The goal of this project is to explore an approach to learn a smooth reward function out of a sparse reward function in the context of Reinforcement Learning. This learnt reward function should make learning converge faster.
- Learn a smooth reward function given a sparse reward function.
- Use a learnt smooth reward function to train an agent to meet the goal of the sparse reward function.
- Compare the learnt smooth reward function against the sparse reward function (and ideally show that the learnt reward function makes agent learning converge faster).
- A reasonable reward function is learnt for the CartPole environment. The reward values assigned to states can be observed on the heatmap plot.
- The learnt reward function doesn't seem to let a policy learn sufficiently well.

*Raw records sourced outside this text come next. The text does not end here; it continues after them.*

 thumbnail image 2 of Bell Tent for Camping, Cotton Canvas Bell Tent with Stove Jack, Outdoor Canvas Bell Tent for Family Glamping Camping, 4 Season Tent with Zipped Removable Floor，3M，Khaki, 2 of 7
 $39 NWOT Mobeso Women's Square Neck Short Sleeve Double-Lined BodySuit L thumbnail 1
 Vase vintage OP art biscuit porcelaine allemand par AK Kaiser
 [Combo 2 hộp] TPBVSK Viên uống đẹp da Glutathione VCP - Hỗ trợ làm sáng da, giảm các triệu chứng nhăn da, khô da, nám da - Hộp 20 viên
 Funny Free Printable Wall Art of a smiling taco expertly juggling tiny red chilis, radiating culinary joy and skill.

- Policy learning using stage-based difficulty adjustment doesn't necessarily adjust difficulty according to agent's abilities. Sometimes it increases difficulty too fast and the agent is unable to obtain enough possitive reward. This usually leads the agent not to improve in the right direction, potentially getting stuck in a bad solution.
- For some reason, the learnt reward function only produces negative values. This could be a cause of slow learning.

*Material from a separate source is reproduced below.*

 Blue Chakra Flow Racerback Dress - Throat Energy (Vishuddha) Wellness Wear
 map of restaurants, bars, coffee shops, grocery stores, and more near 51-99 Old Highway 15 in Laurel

- Implementation: split components for better readibility and more flexibility to updates. The following components should be sequential: regular environment, transformation to sparse reward environment, learnt reward network and weighted average, agent.
- Replace stage-based difficulty adjustment with performance-based difficulty adjustment. Test performance.
- Replace stochastic gradient descent with mini-batch gradient descent. Test performance.
- During reward function training, we could try interleaving between training the agent and the reward function. When one has its weights fixed, the other has them updated. This may increase stability while learning the reward function.